Nos últimos tempos o que mais me deixa perplexo é a passagem do tempo. É como quando eu era criança e dormia no sofá, mas acordava na cama sem saber direito como tinha ido até lá, mas agora, a cada momento que passa estou fechando os olhos e, de repente, um ano inteiro passou. E de novo. E de novo.
Nos momentos que a vida não parece real, em especial durante as madrugadas insones cada vez mais frequentes, quando o mundo cai em silêncio e dorme, eu me pego revivendo esses momentos, afundando em sentimentos sem nome, carregados de nostalgia e saudade do passado. Nesse museu de memórias que apenas eu tenho, vou cada vez mais fundo em todas as exposições, admirando lembranças progressivamente mais antigas e desbotadas.

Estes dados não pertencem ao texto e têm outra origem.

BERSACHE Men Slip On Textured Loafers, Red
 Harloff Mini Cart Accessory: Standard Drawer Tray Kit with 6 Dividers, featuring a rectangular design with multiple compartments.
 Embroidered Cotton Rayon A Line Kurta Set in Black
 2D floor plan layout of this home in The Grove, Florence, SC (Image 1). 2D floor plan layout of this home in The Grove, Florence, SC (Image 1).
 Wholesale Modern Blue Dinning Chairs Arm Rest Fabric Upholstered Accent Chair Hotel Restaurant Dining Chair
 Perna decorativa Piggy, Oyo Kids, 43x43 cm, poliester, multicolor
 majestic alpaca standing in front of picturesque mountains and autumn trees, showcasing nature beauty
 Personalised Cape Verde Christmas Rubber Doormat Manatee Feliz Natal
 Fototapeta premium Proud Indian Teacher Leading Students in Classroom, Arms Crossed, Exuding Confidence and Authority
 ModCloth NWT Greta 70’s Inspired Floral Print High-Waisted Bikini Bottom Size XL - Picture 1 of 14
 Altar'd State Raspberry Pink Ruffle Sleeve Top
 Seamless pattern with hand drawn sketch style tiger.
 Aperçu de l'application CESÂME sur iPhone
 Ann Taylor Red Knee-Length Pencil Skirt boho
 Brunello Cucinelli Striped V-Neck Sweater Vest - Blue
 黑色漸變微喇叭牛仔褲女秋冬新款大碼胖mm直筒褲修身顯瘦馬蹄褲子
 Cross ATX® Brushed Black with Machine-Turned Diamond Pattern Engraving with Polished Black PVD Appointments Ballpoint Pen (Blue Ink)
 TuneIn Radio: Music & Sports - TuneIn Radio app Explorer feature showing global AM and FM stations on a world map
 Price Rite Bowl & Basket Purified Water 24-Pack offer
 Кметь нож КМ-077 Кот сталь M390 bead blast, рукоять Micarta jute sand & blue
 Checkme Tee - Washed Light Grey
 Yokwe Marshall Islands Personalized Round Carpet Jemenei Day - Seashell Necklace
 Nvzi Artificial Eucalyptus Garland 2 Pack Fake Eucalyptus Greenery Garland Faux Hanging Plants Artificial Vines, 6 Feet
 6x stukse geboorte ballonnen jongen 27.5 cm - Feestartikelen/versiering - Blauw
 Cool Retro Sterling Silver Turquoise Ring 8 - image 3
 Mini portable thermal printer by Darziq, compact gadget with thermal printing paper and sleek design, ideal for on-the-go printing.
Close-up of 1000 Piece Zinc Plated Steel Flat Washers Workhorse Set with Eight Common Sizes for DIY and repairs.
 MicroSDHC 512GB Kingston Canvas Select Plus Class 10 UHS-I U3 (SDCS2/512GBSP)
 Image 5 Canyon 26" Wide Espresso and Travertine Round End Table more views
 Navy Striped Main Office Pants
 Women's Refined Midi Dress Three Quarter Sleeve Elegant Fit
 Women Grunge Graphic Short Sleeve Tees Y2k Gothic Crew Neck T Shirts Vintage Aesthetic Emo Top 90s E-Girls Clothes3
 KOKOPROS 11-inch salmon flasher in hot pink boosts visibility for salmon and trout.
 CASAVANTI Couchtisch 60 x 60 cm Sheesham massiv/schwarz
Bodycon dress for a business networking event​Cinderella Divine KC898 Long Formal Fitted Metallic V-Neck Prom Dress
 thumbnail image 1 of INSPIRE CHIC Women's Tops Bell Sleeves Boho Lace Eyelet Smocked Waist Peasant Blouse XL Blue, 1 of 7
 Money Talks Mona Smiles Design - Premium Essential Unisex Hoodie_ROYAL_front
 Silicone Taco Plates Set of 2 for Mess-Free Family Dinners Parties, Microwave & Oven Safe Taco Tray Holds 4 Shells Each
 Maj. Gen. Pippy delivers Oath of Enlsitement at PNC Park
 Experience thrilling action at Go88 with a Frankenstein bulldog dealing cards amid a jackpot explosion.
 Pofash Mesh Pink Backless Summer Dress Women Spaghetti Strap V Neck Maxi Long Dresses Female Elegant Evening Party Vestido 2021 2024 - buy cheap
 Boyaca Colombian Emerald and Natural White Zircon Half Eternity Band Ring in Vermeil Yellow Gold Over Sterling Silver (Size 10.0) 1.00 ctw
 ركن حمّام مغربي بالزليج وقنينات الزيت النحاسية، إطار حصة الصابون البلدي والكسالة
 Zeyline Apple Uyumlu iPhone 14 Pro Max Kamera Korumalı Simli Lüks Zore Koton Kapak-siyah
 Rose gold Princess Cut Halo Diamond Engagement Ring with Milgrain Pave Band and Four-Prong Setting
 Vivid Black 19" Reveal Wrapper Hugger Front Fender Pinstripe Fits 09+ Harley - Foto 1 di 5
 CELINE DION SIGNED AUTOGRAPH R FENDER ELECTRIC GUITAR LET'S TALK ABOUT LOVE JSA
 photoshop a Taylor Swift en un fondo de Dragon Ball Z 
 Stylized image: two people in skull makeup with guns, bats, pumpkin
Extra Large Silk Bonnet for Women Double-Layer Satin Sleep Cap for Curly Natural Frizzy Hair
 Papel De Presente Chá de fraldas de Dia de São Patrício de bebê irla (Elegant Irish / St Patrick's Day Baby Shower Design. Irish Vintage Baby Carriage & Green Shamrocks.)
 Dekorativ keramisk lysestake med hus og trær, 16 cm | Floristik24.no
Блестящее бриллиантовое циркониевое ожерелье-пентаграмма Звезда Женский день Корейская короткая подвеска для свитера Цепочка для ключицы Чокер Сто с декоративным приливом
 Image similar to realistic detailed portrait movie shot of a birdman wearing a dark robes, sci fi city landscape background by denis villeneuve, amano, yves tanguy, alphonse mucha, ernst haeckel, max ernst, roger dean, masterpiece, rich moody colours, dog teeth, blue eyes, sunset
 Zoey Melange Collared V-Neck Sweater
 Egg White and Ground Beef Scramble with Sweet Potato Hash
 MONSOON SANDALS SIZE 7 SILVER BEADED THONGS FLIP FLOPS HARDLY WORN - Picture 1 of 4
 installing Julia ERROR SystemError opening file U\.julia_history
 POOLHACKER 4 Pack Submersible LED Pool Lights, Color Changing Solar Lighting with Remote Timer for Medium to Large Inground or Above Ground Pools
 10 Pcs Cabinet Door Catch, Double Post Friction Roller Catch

Nos momentos que a vida não parece real, eu me pego pensando como tantas coisas foram sumindo silenciosamente nas entrelinhas do tempo. Telefone fixo, orelhões, cartões de telefonia, recargas de celular, internet discada, jornal impresso, fotos reveladas, câmeras analógicas, CDs, MP3, celular de flip e até mesmo fios, seja lá de qual dispositivo estejamos pensando…e a lista segue em uma finidade de objetos que aos poucos deixaram de fazer parte da vida cotidiana.
Porém, algumas coisas resistem à passagem do tempo, tão resilientes e persistentes, teimosas, em transformação: rádio, bancas de jornal, polaroides, celular de flip (relançados numa estética mais contemporânea), jogos de tabuleiro, mídias impressas lutando e ao mesmo tempo se adaptando à internet das coisas.
As bancas de jornal são um caso especial. Elas ainda permanecem com a mesma arquitetura que sempre tiveram, embora já não mais vendam revistas novas todo mês, jornais, livros, histórias em quadrinhos e mangás. Não. Tudo isso migrou para o mundo digital. A vida continua, assim como as bancas de jornal, em constante transformação para ser preenchida por bugigangas que as pessoas não sabem que precisam até pôr os olhos nelas.
Tudo parece tão estranho, se repetindo em uma porção de coisas novas e brilhantes na monotonia dos dias.
Nesse mundo em que nada mais dura ou é tão bom quanto era antes, sinto que de repente acordei na minha cama depois de ter dormido no sofá. Sinto falta do futuro que não chegou, desejando voltar ao passado que desapareceu silenciosamente nas ondas do tempo.
Já não me reconheço nesse despertar, essa pessoa sem brilho no olhar não pode ser o "eu" que adormeceu tantos anos atrás. Me pergunto se, na verdade, eu fui a única coisa que desapareceu permanentemente nas ondas do tempo, talvez o "eu" que adormeceu um dia para não voltar seja a atração mais antiga no museu onde guardo toda essa saudade sem sentido.